Mahkamah Konstitusi masih dinilai sebagai lembaga yang pas untuk menangani sengketa pemilihan umum kepala daerah atau Pemilukada.
Penilaian itu disampaikan anggota Komisi III DPR Taslim Chaniago saat dihubungi Rakyat Merdeka Online pagi ini (Rabu, 16/10).
"Kalau ditangani pengadilan, itu cukup panjang nanti. Karena masih ada proses banding, kasasi. Itu akan mengganggu jalannya pemerintahan.
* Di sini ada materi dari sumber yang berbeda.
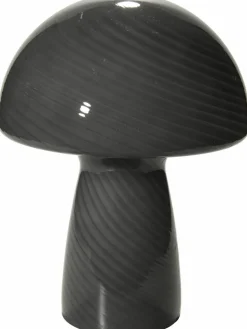 Portibello|Kibek Outlet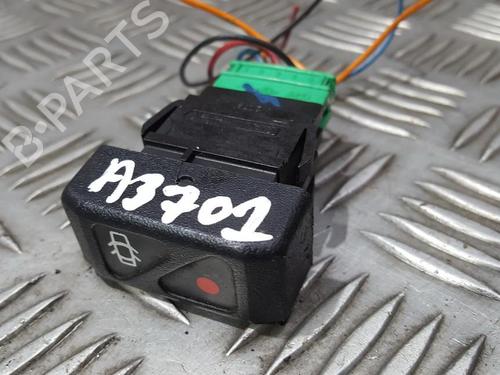 Used Switch Switch 35693580 35693580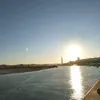 chaimaetanger7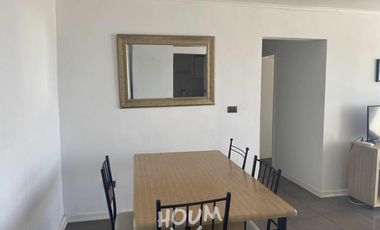 Departamento Barrio de san juan ID: 166311r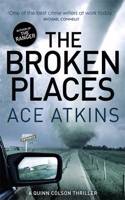 Broken Places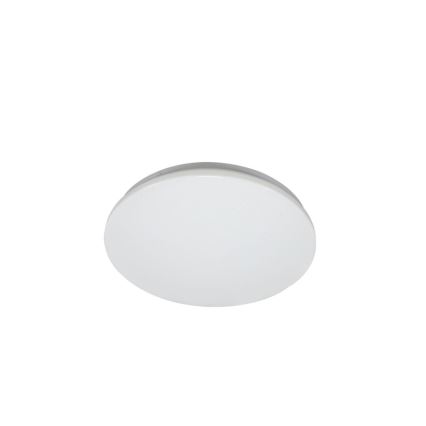 Rabalux - LED stropné svietidlo LED/12W/230V 4000K priemer 25,5 cm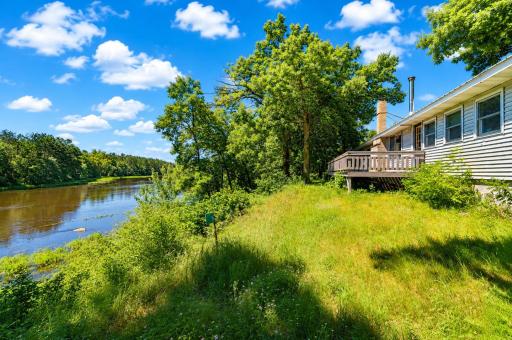 27125 132nd Street, Staples, MN 56479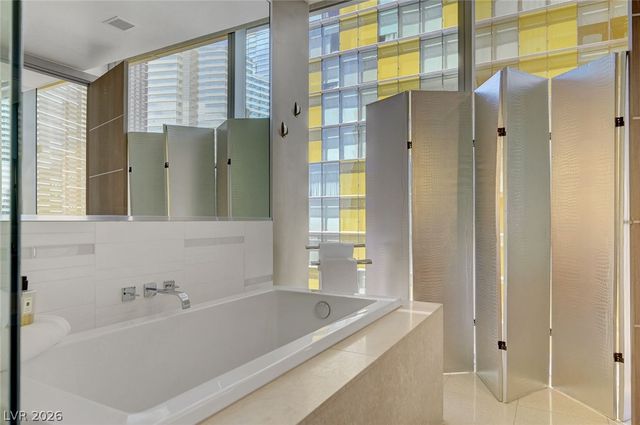 3722 South Las Vegas Boulevard 807, Las Vegas, NV 89158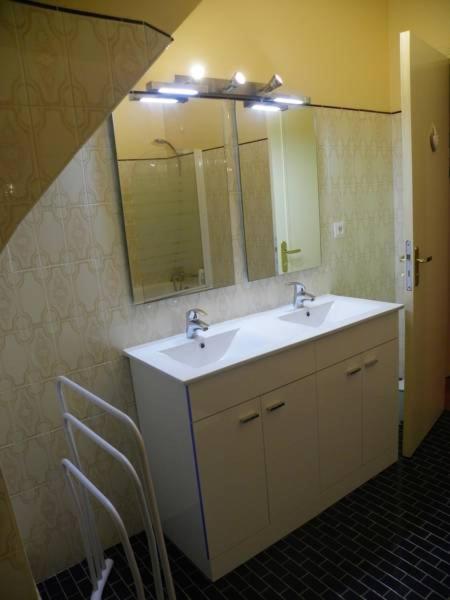 Chambres D'Hotes De Pouldiguy Lannion Exterior foto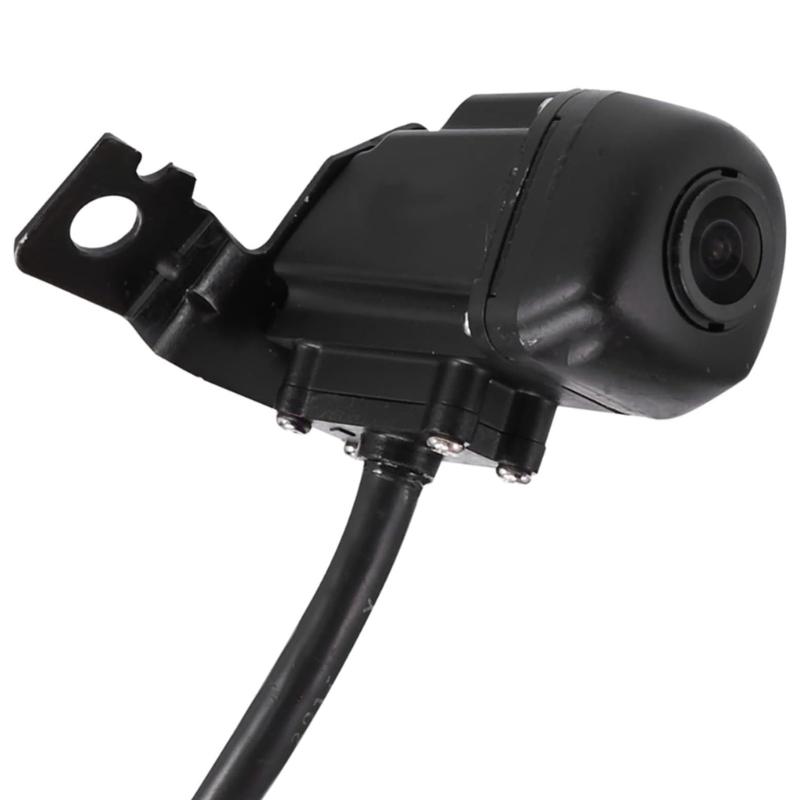 Car Rear View Reversing Backup Camera Parking Assistance Aid Monitor Suitable for 95760-B8641 95760B8641 XL 3.3L 17-2019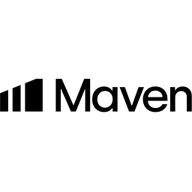 Maven Trading logo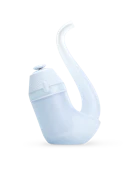 Puffco - Proxy Pro - Haze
Kalau MK prosesnya cepat, dan sifatnya final dan mengikat. Jadi saya belum melihat lembaga lain (selain MK)," ungkapnya.
Meski begitu, dia menjelaskan, MK harus transparan dalam menyidangkan setiap perkara. Selain itu juga perlu ada seleksi apakah gugatan itu layak disidangkan atau tidak. Jadi tidak semua gugatan sengketa pilkada diterima. "Makanya perlu dewan pengawasan hakim itu," jelasnya.
Soal adanya dugaan politik uang, menurut Taslim, MK mestinya tidak menangani. Karena sebaiknya kasus itu diserahkan ke kepolisian. "Kalau memang ada suap ke polisi. Yang lain baru ke MK," jelas politikus muda PAN ini.
Tak hanya itu, Taslim juga mengingatkan bahwa MK posisinya menunggu alias pasif. Karena itu tak perlu beriklan agar sengketa pilkada dibawa ke MK. MK hanya sebatas sosialisai Pilkada jujur dan damai.
"Ini tidak cocok. Lembaga peradilan itu pasif. Semakin bagus, jangan sampai ada yang berperkara," demikian Taslim.
Kewenangan MK menangani kasus sengketa pilkada dipersoalkan sebagian kalangan setelah Akil Mochtar tertangkap tangan menerima suap. Suap ini terkait penanganan sengketa pilkada Gunung Mas, Kalimantan Tengah, dan Lebak, Banten.